This portfolio will likely be a bit different than IWM. Perhaps you’re an executive at Apple with a large incentive stock option plan and a slug of company stock. Well, you might end up with a “Russell 3000 minus AAPL” portfolio that’s actually much better for you.
And perhaps you really want to minimize your exposure to tobacco companies. Well, now you have a portfolio that is essentially the Russell 3000 minus AAPL and tobacco companies. And that portfolio can be further tweaked to minimize tracking error to the Russell 3000—perhaps increasing the weights of some other consumer stocks to make up for the missing tobacco companies.
Boring Part That’s Magic
The second half of a direct indexing relationship goes beyond just excluding and tweaking—it’s how you manage it over time.
In a normal ETF portfolio, the fund manager focuses extremely closely on managing to their index, especially around rebalances, index changes or corporate actions. Each one of those small changes can create a taxable gain, and so ETFs also rely on creation/redemption to “push out” low-basis shares as often as they can. For this reason, most ETFs have never paid a capital gains distribution.
But just because they’re distributing zero doesn’t mean they couldn’t do better.
No Tax-Aware Decision Timetable
In a direct indexing scenario, the portfolio manager can make tax-aware decisions throughout the year. If Wells Fargo has a terrible quarter and trades to a loss in the portfolio, it can sell that position and book that loss, replacing the exposure with other banks.
That tax loss can be used to offset taxable gains from other positions, or it can be used to offset $3,000 in ordinary income, or it can be used to offset gains from other unrelated transactions—the sale of company stock, for instance.

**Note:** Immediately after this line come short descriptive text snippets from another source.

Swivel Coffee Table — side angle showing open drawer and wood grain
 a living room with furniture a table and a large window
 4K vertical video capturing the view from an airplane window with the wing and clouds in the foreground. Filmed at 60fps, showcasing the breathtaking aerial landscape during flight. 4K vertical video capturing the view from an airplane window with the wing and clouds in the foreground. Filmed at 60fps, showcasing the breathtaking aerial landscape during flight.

For many high net worth investors, that single-stock tax loss harvesting is a kind of magic that “cracks open” their portfolio, spreading across the entirety of their annual IRS filings.
Many early leaders in this space have account minimums as high as $10 million. There’s some logic to those minimums, because with too small an account—say, $1 million or less—you can’t effectively manage the individual lots of securities. If the average stock price is around $60, then just owning one share of each stock in the Russell 3000 would be a $200,000 investment. And of course, trading single shares is rarely efficient.
Thankfully, there are ways around this. Many direct indexing firms now offer fractional shares. They do this by bundling all their trades across thousands of accounts together, and assuming some small level of risk in owning the “leftover” fractions of securities. That means you can, in fact, own exactly $124 worth of Berkshire Hathaway if that’s what the strategy requires.
What This Means For Advisors
Honestly, I think it’s the best development for the advisory market since the invention of the ETF. Dozens of direct indexing companies have platforms tailored to bring advisors along into this brave new world. This fundamentally enhances the client conversation through customization.
This isn’t a death knell for ETFs; far from it: It’s an evolution. ETFs will remain the vehicle of choice for millions of investors for decades to come. You’ll even see them as part of the allocations inside direct indexing accounts where they make sense (illiquid markets, alternative asset classes). But for your largest advisory clients? Now’s the time to be looking at the next big thing.